→ Prompt: Pictures are to be left out. Return exactly the lines below from the one with "让你瞬间成长的24句话 成长的句子经典语录" up to and including the one with "Photo of Others in Dubrovnik".

→ Exercise inputs:
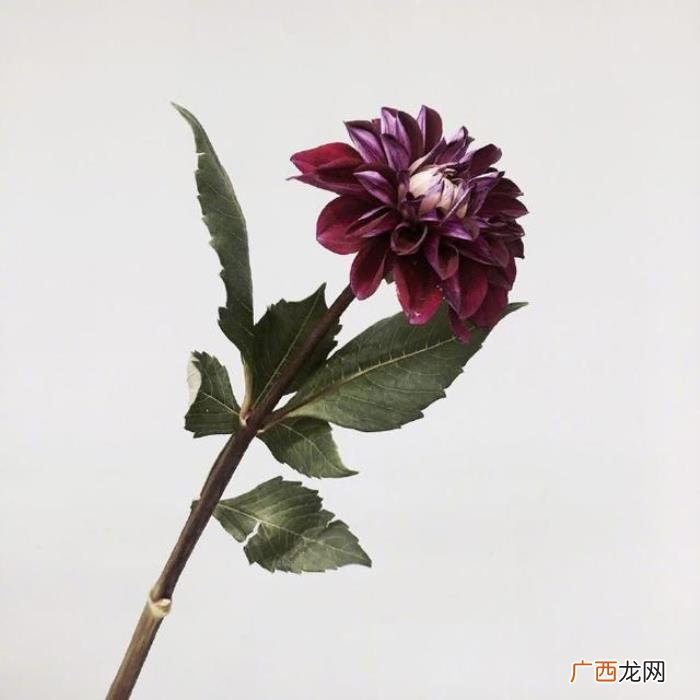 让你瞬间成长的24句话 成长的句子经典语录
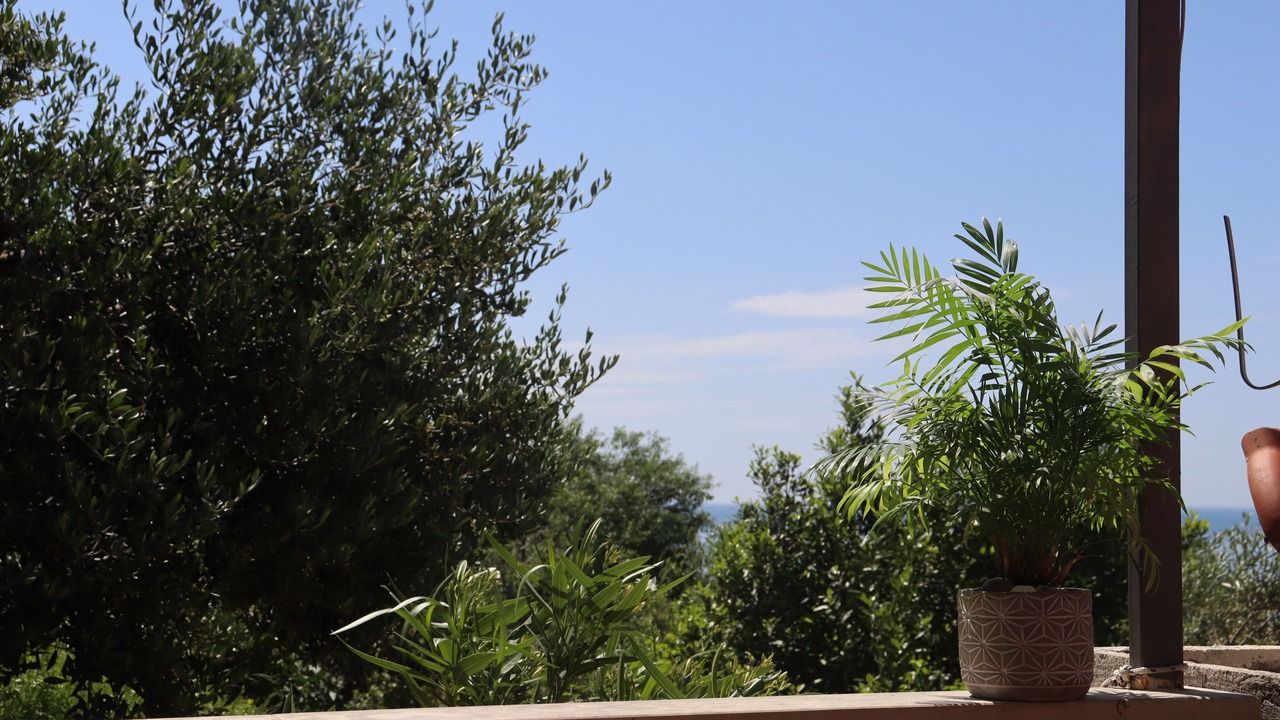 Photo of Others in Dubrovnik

---

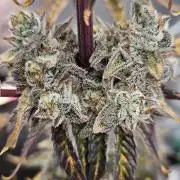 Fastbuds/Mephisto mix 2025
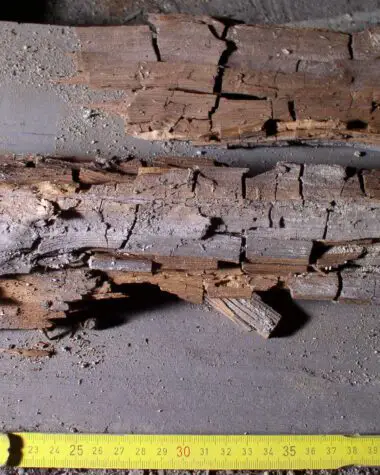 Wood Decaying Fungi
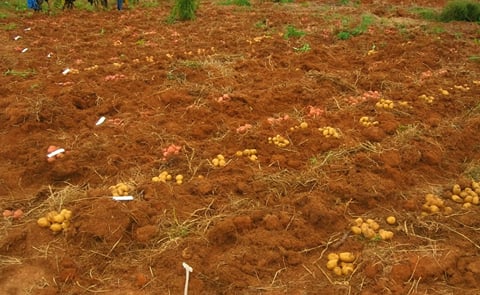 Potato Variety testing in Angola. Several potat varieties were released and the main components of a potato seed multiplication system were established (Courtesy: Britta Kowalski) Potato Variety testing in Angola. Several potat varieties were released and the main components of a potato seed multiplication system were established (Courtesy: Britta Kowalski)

...

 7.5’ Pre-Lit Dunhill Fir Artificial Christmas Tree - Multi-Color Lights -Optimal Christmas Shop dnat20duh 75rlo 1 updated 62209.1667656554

→ Result below:
 让你瞬间成长的24句话 成长的句子经典语录
 Photo of Others in Dubrovnik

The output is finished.